Con toda su gravedad, la violencia en Islay y los delitos cometidos por quienes protestan y el Estado todavía pueden (y deben) ser tratados como conflictos de una comunidad política. No quiero ni pensar lo que sería un real terrorismo anti-minero o lo que implicaría un terrorismo de Estado.

Este uso fácil de una palabra tan cargada es un síntoma más de la actual devaluación del debate público y la ausencia de voceros que ponderen en el mismo. En todos lados hay violencia y exageración, y extremistas no faltan. Pero a diferencia de otros lugares, tenemos menos buffers que ponderen, arbitren en esos debates en los medios, en la política (escuderos vs ejecutores), o en redes sociales, el reino del acuchillamiento.

Un espacio público de este tipo hace muy difícil construir la empatía necesaria para procesar estos conflictos. Es curioso: la guerra interna nos dio límites claros sobre lo intolerable, aquello que distingue al enemigo del opositor, sobre las virtudes del pluralismo y los costos del fanatismo. Hoy, sin embargo, copiamos las formas de la guerra para ver enemigos mortales donde hay rivales y opositores.


Fuente: La República

lunes, 18 de mayo de 2015

Proyecto minero Tía María: Lo peor y lo mejor del conflicto

Lo peor y lo mejor del conflicto

Escribe: Jorge Bruce

Para los psicoanalistas el conflicto es la esencia de nuestra tarea: “No solo lo peor sino lo mejor de la mente humana se aloja en el conflicto. Si el procedimiento prospera, no solamente se mitiga el dolor psíquico sino también la estupidez, acota Freud en alguna conferencia”. Esto responde el gran psicoanalista uruguayo Marcelo Viñar, en una entrevista que le hiciera su colega peruano Moisés Lemlij.
 
Recordé esta observación de Viñar ante la abrumadora cantidad de sucesos y análisis generados a raíz del conflicto entre quienes se oponen y apoyan el proyecto de Tía María, hoy suspendido. De lo peor hemos visto abundantes muestras: violencia, corrupción, ausencia de liderazgo, carencia de inteligencia (tanto en el sentido técnico como en el literal), incapacidad de escucha, mentiras, miedo, desesperación. Tanto que lo mejor ha quedado oculto o ignorado.
 
Cuando el Presidente de la SNMPE dice en una entrevista por TV que “hasta su empleada” entiende sus argumentos, el inconfundible sesgo ideológico racista y despectivo de la expresión anula el argumento que estaba fundamentando, acerca de los acuíferos. Al punto que ya nadie lo recuerda. Este es un buen ejemplo de las partes en el interior del conflicto. Es posible que su punto de vista fuera válido y digno, por lo tanto, de ser escuchado y debatido. Pero desde el momento que necesita reforzarlo estableciendo la inferioridad de sus interlocutores, nos proporciona una valiosa clave para entender por qué el diálogo está sepultado bajo los relaves contaminantes de la Southern y las pedradas de los huaraqueros.
 
Viejas divisiones clasistas y racistas emergen cada vez que la tensión arrecia. Puede ser en procesos electorales o en decisiones de inversión de gran envergadura, que comprometen la vida de miles de personas, tanto en el valle del Tambo como en el resto del país. No es solo cuestión de intereses, económicos y políticos, evidentes y exaltados.

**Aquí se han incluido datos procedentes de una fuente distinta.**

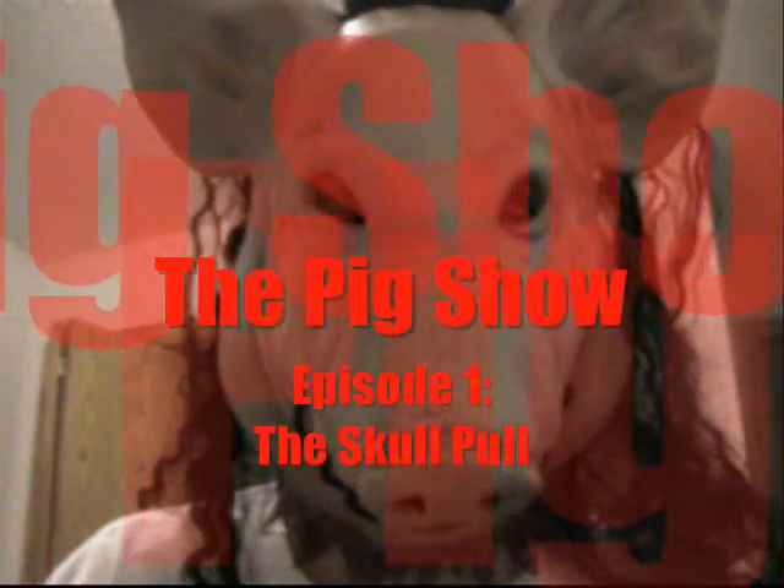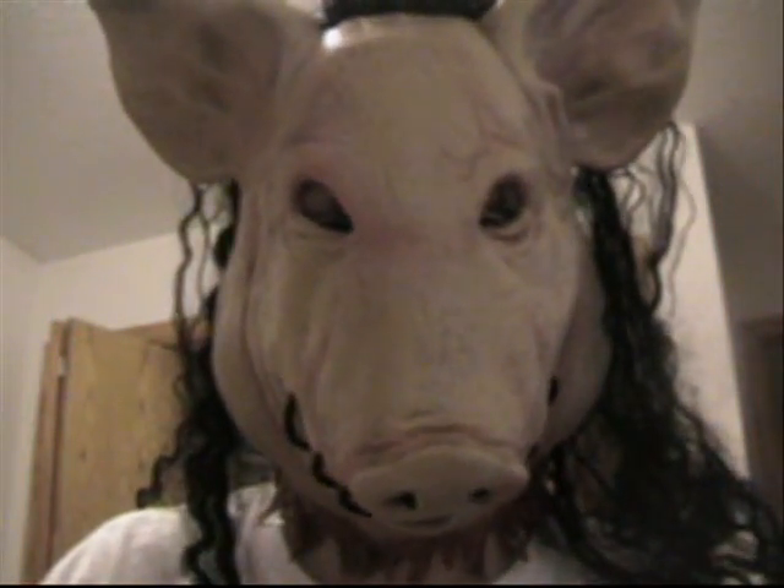Hello viewer, you're watching The Pig Show, and today we're going to show you a trap that we here at The Pig Show call the Skull Pull.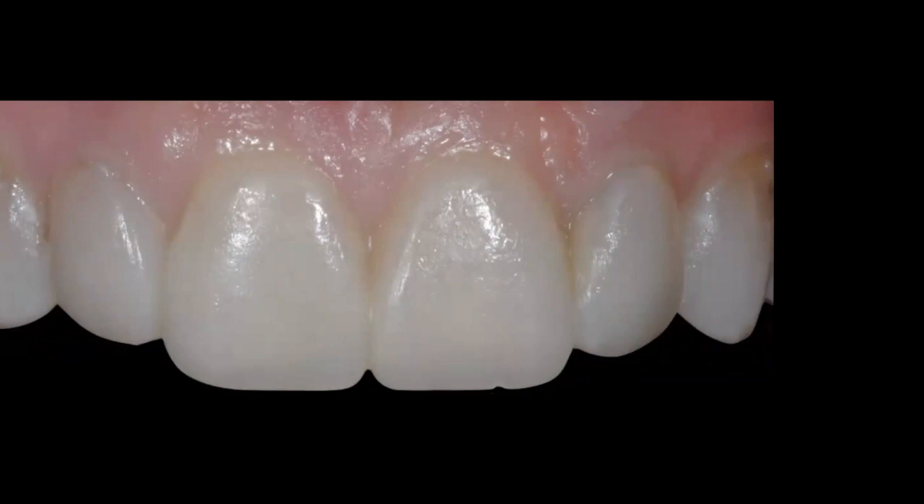This is my bonded functional aesthetic prototype — created with flowable composite injected into the internal surface of the clear PVS and seated directly in the patient's mouth. Teeth 7, 8, 9, and 10 are now one solid structure of flowable composite. You can see very little flash immediately after light-curing, with a lot of detail between each tooth and well-defined facial embrasures. And I do this without any anesthetic.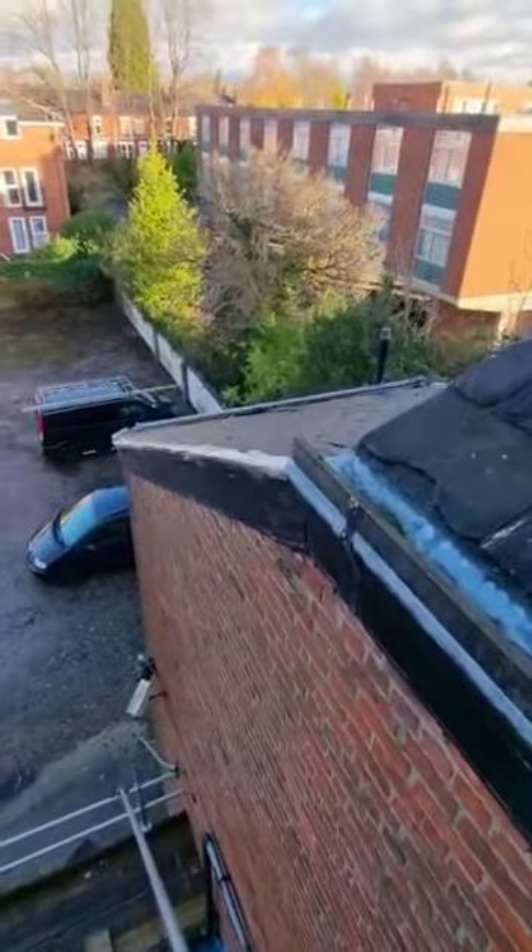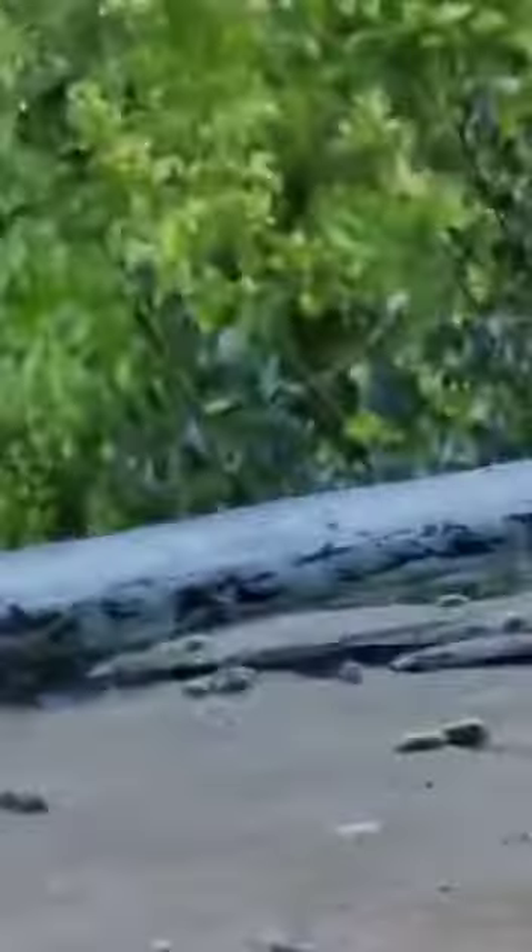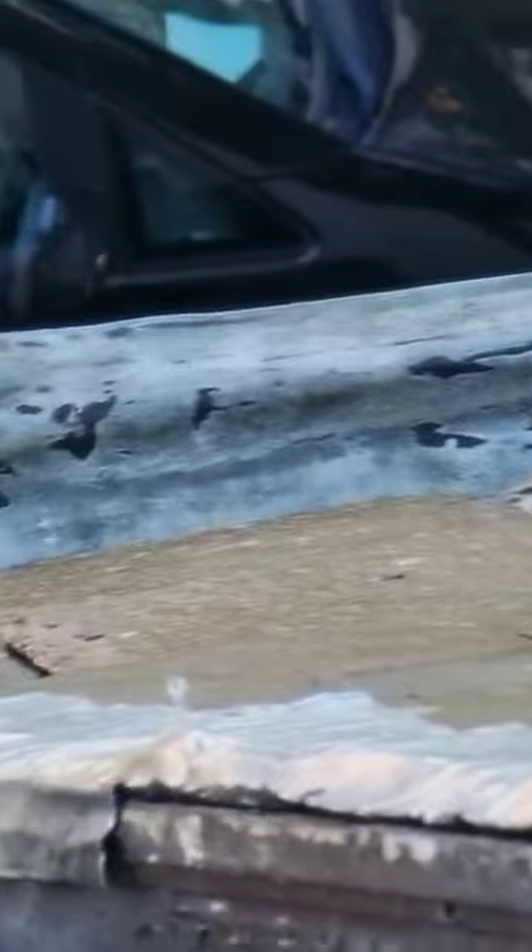Without having to move my ladders over onto that section, let's have a look — it's the same condition of this lead as what's over here.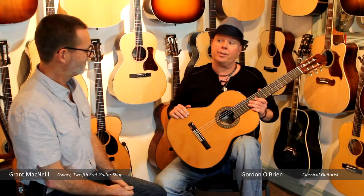So this is the Luthier Series cedar top model. Thank you. Thanks, Grant.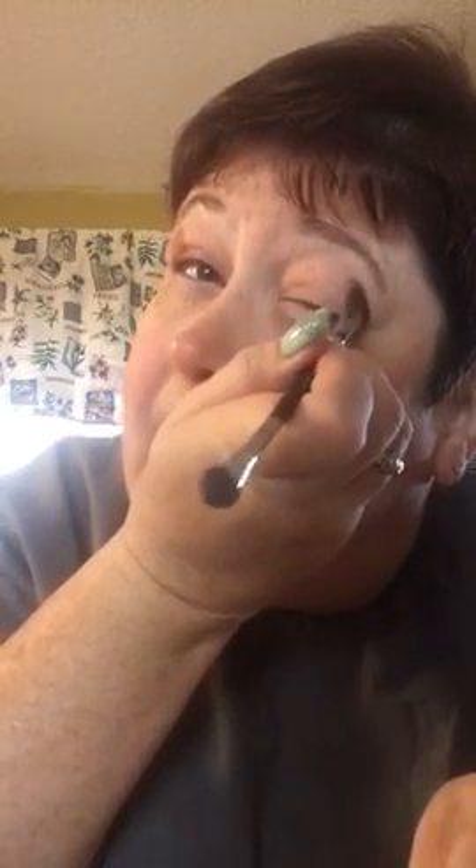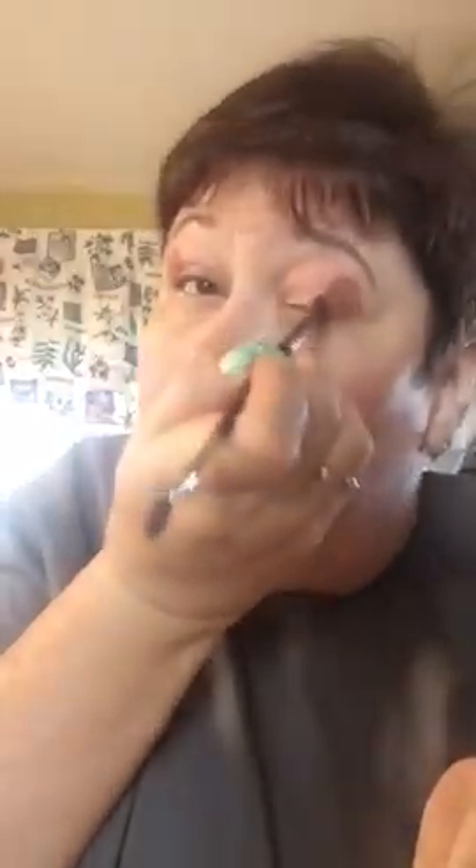It's gonna look really bold right now but I'll blend it in as I go along. I'm doing the other eye now — don't come all the way up to your brow because you want to put your highlight color there. I'm going to be using three different colors today. Again, don't be intimidated by how bold it looks; I'm going to blend it out.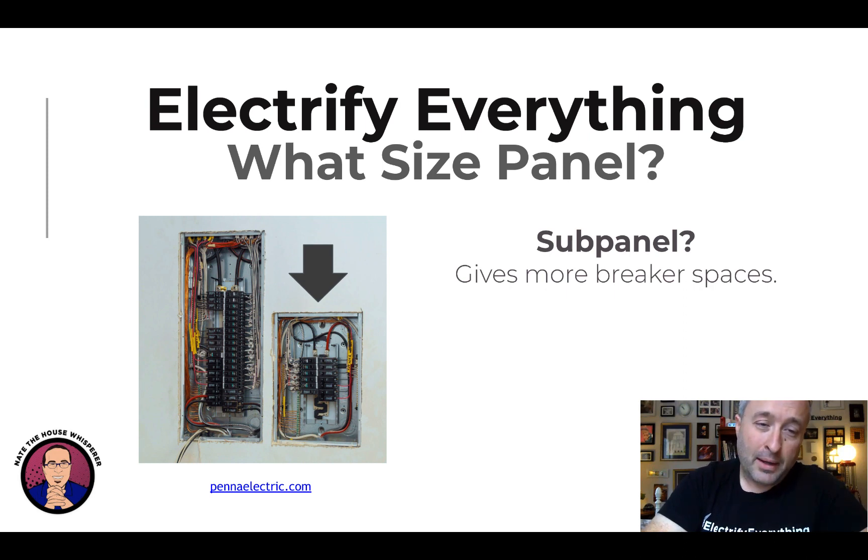A common thing to keep in mind: do you need a sub-panel? A sub-panel is a smaller panel you add when you run out of breaker space. That doesn't mean you have to upgrade to a larger service — you just add a sub-panel with space for more breakers. You use two breaker spaces in the main panel and run to the sub. A 100 amp sub-panel is kind of ideal for a garage — you can run multiple EVs, a welder, whatever. A sub-panel can often save you from a big upgrade if your main breaker is large enough.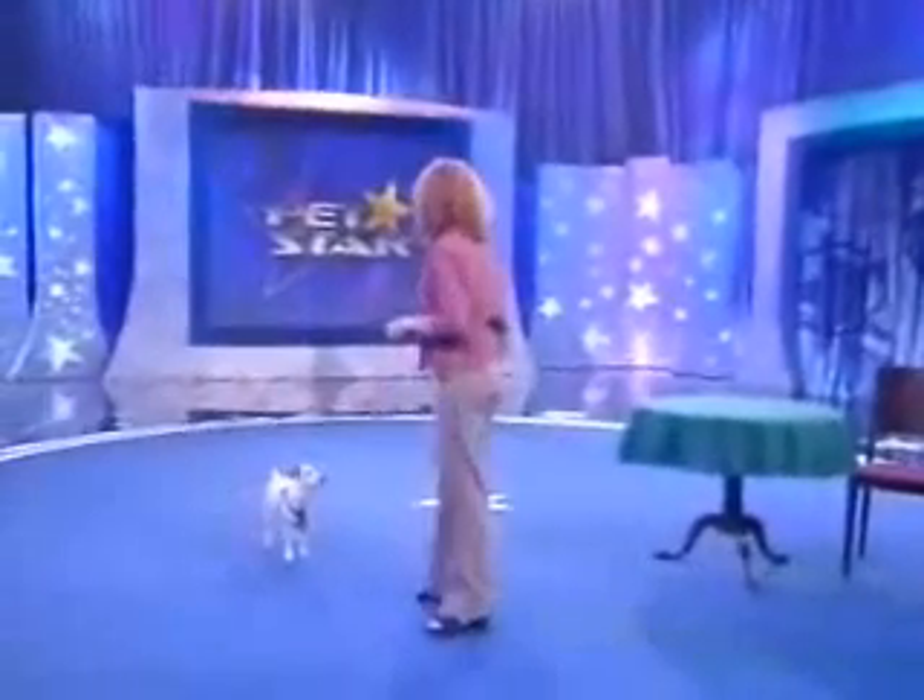Let's do it! So, we're going to start with a little warm-up for the counting, if that's alright.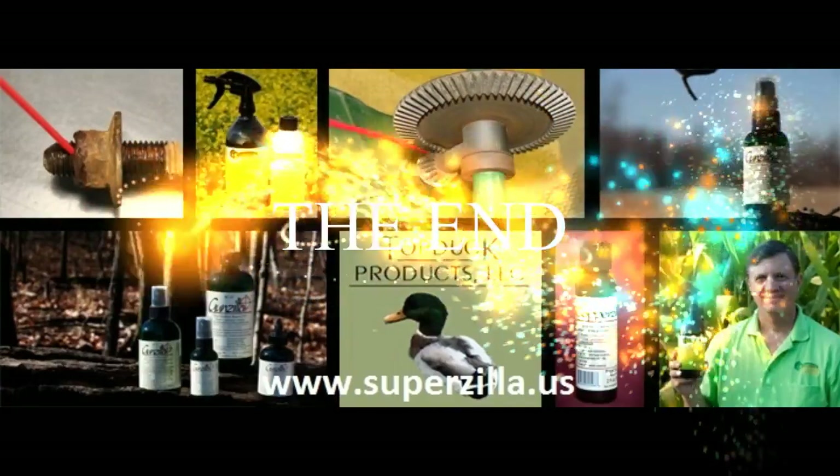The last piece is the lock itself. Just squirt some Superzilla in there and then wipe any excess off.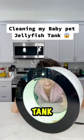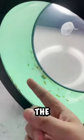A lot of you guys have been asking me how to clean the jellyfish tank, and as you can tell, there's dirt all over the bottom and the jellyfish are just swimming around in it.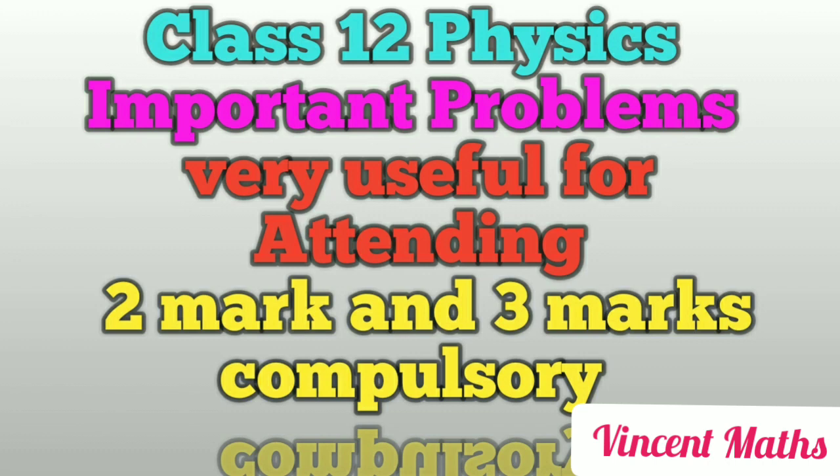Look at the third unit. The important problems are the 3rd, 5th, 9th, 10th, 11th, 18th, 22nd, 26th, and 30th sums. From the book, also look at the 1st, 3rd, 6th, and 7th sums. This is the third unit.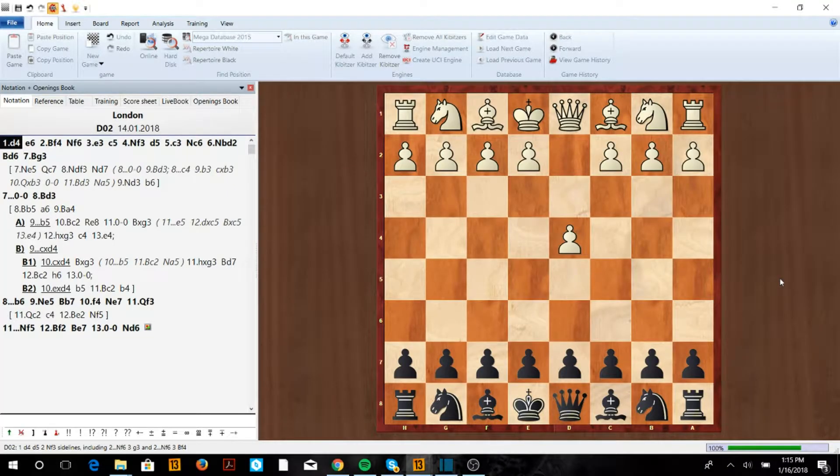Hey, what's up guys! Today we're going to look at another way to play against the London. Before we get into that, don't forget to like this video and subscribe for more great opening videos.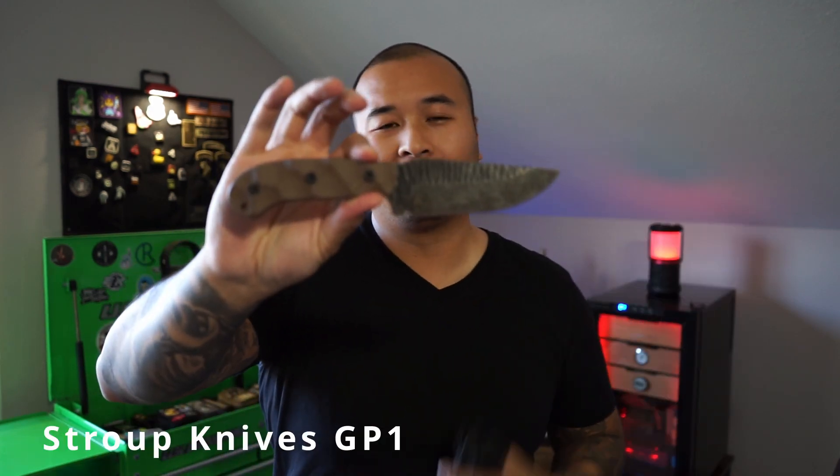So here recently we got a package from Blade Ops with a couple knives for us to check out. And today we're going to check out the Stroop Knives GP1. So let's get into it.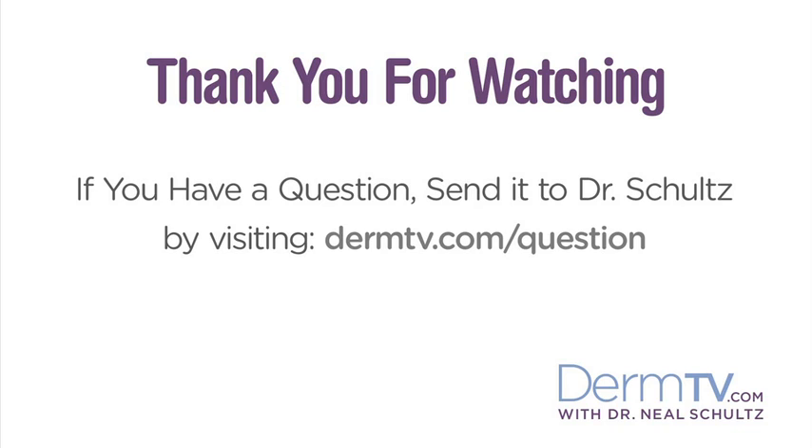If you have a question, please send it to me by visiting DermTV.com/question. I'm Dr. Neal Schultz and thank you for watching today.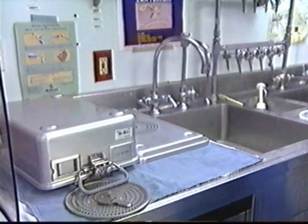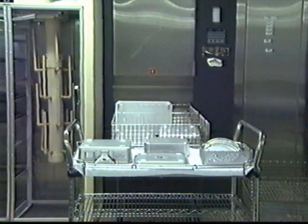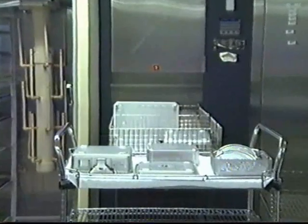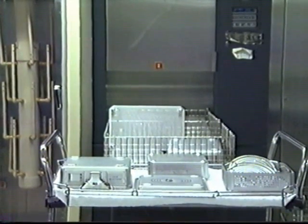Detergent residues can affect coloration and the appearance of the container surface. Try to avoid water collections by washing and drying the container upside down. Use a soft cloth to dry all components of the container.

Pero asimismo, una historia que no puede ser dejada de lado. Como me decía un alumno en mi clase de Teoría Psicoanalítica de la Cultura en la PUCP, el día de ayer, “pedirles a los habitantes de la región que confíen en la Southern y el Grupo México es como pedirles que suspendan sus habilidades cognitivas”. Como se sabe, la Southern causó daños ecológicos tan graves e irreversibles que, a su lado, la corrupción del dirigente Pepe Julio Gutiérrrez, siendo grave, es poco más que un plato de lentejas. Dicho grupo acaba de ser gravemente cuestionado en Aznalcóllar, Andalucía, España, por sospechas en la adjudicación de la concesión. Y en Sonora, México, hay un río envenenado por su descuido.
 
Si queremos que los argumentos sean escuchados, que la civilización prevalezca, tenemos que tomar en cuenta el inmenso malestar en el que se da el proceso. La frase del señor Gálvez no es tan solo un lapsus: expresa las atroces heridas históricas que lastran nuestro desarrollo. Saber escuchar ese rencor, esa desconfianza y ese dolor, es la mejor oportunidad que nos ofrece este enésimo conflicto entre peruanos.